Gestational weight gain and unplanned or emergency cesarean delivery in the United States

Publication date: Available online 6 August 2018

Source: Women and Birth

Author(s): Zelalem T. Haile, Bhakti Chavan, Asli K. Teweldeberhan, Ilana R. Azulay Chertok, John Francescon

Abstract
Background

In the United States, the rates of cesarean delivery are well above the World Health Organization recommended target. Although obesity is a widely established risk factor for cesarean delivery, there is limited population-based research that examines the relationship between gestational weight gain and cesarean delivery.

Objective

To determine the association between gestational weight gain and unplanned or emergency cesarean delivery.

Methods

We examined 2107 mothers from the Infant Feeding Practices Study II 2005–2007. The Institute of Medicine's current guidelines were used to define categories of gestational weight gain: inadequate (less than the recommended guideline), adequate (within the recommended guideline) and excessive (above the recommended guideline).

Findings

Approximately 49.3% and 13.6% of the participants had excessive weight gain and unplanned or emergency cesarean delivery, respectively. A Greater proportion of women with excessive weight gain had an unplanned or emergency cesarean delivery followed by women with adequate and inadequate weight gain, respectively (17.8%, 10.0%, 8.8%; p < 0.001).

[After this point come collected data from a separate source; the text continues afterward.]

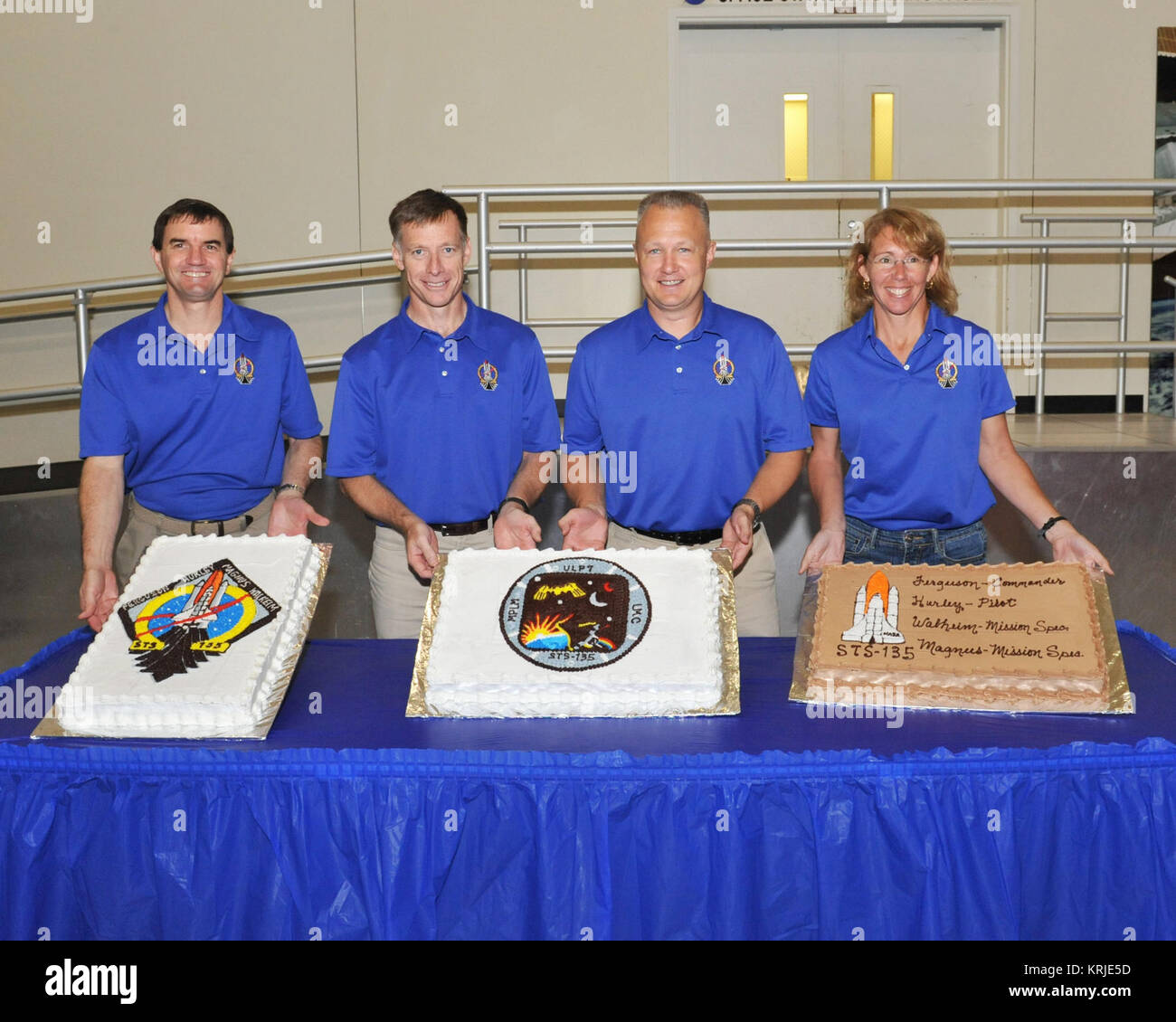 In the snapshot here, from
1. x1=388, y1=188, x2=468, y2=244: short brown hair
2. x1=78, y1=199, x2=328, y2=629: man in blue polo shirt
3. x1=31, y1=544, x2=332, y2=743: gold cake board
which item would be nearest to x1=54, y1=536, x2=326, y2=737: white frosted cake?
x1=31, y1=544, x2=332, y2=743: gold cake board

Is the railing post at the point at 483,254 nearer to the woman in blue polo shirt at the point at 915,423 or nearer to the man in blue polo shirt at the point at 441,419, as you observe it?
the man in blue polo shirt at the point at 441,419

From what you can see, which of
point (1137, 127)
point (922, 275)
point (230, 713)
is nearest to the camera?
point (230, 713)

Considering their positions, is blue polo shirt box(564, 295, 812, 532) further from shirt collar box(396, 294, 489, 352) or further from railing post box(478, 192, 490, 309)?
railing post box(478, 192, 490, 309)

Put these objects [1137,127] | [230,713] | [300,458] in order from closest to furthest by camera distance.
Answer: [230,713] < [300,458] < [1137,127]

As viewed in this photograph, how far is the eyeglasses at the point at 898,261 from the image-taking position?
2395 mm

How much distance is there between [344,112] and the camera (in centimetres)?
618

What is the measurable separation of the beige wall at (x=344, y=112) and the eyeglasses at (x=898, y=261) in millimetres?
3978

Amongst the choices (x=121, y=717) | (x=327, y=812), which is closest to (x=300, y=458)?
(x=121, y=717)

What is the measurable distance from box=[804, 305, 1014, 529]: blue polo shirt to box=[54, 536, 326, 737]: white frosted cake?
1256mm

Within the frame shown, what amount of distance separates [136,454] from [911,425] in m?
1.86

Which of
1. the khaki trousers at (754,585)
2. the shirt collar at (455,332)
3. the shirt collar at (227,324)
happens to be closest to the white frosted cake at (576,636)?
the khaki trousers at (754,585)

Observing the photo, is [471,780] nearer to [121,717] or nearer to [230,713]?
[230,713]

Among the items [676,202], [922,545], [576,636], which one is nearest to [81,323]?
[676,202]

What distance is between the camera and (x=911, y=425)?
247 cm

In the multivariable model, compared to women with adequate weight gain, the odds of unplanned or emergency cesarean delivery were higher among women with excessive weight gain (OR 1.56, 95% CI 1.07–2.27, p = 0.020).

Discussion

Women with excessive gestational weight gain are more likely to experience an unplanned or emergency cesarean delivery, which increases the risk for poor maternal-infant health outcomes.

Conclusion

It is critical to identify populations at increased risk of unplanned or emergency cesarean delivery and provide preconception and prenatal counseling to achieve and maintain the recommended weight gain for optimal maternal-infant health outcomes.